§ **Work to complete**
Lines to restate from the data below: from the one containing "bedroom featuring ceiling" to the one containing "Couple holding hands", both included. Give them again exactly, and only them.

------ Listed entries ------

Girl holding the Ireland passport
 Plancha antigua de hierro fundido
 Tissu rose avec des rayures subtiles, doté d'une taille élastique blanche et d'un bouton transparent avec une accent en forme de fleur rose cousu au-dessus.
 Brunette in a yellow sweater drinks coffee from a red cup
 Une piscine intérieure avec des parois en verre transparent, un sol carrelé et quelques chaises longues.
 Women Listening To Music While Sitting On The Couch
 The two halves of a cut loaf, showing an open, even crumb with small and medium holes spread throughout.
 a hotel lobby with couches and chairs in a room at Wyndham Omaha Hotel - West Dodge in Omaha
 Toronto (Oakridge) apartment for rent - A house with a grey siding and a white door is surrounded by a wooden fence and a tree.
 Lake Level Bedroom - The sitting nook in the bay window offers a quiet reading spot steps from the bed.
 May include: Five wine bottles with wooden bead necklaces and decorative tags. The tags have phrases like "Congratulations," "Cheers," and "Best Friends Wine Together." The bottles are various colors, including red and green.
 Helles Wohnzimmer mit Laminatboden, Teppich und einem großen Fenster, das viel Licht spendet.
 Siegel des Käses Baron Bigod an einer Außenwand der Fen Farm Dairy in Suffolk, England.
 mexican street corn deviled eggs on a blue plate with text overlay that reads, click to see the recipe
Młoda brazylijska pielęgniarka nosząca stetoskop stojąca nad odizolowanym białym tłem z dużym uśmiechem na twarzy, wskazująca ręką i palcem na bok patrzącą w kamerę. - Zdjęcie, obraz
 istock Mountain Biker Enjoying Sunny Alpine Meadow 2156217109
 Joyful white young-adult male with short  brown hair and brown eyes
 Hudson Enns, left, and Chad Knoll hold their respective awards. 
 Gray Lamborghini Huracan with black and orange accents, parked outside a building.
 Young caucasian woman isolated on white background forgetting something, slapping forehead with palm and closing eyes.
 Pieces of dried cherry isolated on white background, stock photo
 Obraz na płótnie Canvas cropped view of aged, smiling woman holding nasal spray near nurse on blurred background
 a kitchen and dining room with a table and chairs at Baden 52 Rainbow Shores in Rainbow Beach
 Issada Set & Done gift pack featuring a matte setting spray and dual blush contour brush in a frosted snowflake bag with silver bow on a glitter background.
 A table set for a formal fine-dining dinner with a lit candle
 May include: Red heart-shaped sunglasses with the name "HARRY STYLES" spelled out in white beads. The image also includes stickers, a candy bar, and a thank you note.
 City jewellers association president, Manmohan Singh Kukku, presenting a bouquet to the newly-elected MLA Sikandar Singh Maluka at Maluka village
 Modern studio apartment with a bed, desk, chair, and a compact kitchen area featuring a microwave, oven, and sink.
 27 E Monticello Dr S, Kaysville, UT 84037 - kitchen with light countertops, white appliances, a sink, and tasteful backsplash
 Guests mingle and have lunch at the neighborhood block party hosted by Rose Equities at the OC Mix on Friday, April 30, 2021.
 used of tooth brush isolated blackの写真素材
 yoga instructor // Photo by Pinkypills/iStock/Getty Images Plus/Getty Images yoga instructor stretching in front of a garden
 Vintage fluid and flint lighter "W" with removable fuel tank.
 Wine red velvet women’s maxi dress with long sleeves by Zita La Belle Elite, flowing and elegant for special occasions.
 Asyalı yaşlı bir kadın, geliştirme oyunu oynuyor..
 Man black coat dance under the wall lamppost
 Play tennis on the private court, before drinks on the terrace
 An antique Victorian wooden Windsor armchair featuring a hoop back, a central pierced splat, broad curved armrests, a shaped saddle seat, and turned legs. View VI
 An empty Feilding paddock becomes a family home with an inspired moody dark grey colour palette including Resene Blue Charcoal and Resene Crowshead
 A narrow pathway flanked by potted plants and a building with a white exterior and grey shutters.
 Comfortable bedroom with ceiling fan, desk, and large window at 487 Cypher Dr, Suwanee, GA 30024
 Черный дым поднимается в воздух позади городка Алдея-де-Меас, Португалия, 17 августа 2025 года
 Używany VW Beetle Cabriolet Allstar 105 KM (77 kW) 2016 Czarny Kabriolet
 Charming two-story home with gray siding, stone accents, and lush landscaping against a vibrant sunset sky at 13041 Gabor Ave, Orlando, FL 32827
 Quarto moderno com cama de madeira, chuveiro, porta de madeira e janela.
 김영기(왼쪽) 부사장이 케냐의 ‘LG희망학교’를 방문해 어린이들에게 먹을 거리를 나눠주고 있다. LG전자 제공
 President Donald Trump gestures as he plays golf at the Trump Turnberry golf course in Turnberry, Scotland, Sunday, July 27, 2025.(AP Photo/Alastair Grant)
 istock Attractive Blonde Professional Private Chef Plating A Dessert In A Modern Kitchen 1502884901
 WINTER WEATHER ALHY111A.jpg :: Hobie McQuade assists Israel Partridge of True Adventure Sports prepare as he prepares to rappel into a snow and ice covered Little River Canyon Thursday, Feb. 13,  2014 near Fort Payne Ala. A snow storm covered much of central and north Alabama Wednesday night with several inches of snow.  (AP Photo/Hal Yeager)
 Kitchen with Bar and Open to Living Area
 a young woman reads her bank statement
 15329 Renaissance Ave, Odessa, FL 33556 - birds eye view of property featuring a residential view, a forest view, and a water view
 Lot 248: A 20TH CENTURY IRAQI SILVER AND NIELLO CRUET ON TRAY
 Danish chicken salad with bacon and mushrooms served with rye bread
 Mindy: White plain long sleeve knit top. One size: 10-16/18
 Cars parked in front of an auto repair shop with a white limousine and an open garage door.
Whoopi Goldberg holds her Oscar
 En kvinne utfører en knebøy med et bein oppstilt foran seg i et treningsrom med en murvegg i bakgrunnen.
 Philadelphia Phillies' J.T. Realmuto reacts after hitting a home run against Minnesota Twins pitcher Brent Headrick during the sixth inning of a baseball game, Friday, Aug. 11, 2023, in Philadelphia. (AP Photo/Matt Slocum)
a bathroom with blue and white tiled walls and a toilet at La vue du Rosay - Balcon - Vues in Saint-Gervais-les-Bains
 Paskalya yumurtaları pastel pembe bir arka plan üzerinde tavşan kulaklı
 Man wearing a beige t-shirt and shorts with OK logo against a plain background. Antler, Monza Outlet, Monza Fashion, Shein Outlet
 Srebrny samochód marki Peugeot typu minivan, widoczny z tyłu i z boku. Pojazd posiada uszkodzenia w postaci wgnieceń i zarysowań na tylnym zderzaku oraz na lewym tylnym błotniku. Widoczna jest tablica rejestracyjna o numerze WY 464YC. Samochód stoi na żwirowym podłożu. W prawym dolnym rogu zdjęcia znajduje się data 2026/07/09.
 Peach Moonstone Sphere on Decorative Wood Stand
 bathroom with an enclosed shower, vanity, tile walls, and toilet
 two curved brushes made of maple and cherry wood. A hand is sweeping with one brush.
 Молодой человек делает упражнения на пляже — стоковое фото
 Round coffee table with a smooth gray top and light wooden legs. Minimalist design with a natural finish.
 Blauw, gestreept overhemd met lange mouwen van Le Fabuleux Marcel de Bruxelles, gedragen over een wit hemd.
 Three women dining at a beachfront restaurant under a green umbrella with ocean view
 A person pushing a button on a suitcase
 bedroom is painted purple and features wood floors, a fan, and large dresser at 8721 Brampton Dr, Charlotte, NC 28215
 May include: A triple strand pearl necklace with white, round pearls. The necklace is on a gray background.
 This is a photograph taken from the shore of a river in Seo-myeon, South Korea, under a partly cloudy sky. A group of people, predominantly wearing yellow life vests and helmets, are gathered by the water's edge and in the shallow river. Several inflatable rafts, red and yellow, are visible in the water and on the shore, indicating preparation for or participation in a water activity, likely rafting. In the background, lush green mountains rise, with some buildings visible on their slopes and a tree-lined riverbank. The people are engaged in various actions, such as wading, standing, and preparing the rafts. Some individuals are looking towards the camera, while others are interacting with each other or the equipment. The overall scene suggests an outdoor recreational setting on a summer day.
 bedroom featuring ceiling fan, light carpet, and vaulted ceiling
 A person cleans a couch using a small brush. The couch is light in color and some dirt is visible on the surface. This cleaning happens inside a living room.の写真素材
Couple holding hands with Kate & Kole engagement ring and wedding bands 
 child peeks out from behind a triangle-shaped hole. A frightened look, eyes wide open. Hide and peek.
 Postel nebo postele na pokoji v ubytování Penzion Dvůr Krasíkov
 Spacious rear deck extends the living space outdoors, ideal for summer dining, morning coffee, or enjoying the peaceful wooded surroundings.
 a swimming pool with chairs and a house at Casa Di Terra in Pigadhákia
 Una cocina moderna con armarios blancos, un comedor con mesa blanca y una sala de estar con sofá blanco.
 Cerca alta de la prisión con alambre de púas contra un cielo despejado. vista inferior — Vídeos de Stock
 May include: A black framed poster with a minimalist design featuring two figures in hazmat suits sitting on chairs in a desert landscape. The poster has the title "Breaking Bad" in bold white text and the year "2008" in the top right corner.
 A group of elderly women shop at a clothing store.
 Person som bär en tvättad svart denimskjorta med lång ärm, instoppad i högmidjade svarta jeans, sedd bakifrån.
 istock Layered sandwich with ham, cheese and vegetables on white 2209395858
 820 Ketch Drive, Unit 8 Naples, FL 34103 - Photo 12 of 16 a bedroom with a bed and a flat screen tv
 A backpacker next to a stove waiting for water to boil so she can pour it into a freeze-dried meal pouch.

------

§ **Task response**
 bedroom featuring ceiling fan, light carpet, and vaulted ceiling
 A person cleans a couch using a small brush. The couch is light in color and some dirt is visible on the surface. This cleaning happens inside a living room.の写真素材
Couple holding hands with Kate & Kole engagement ring and wedding bands 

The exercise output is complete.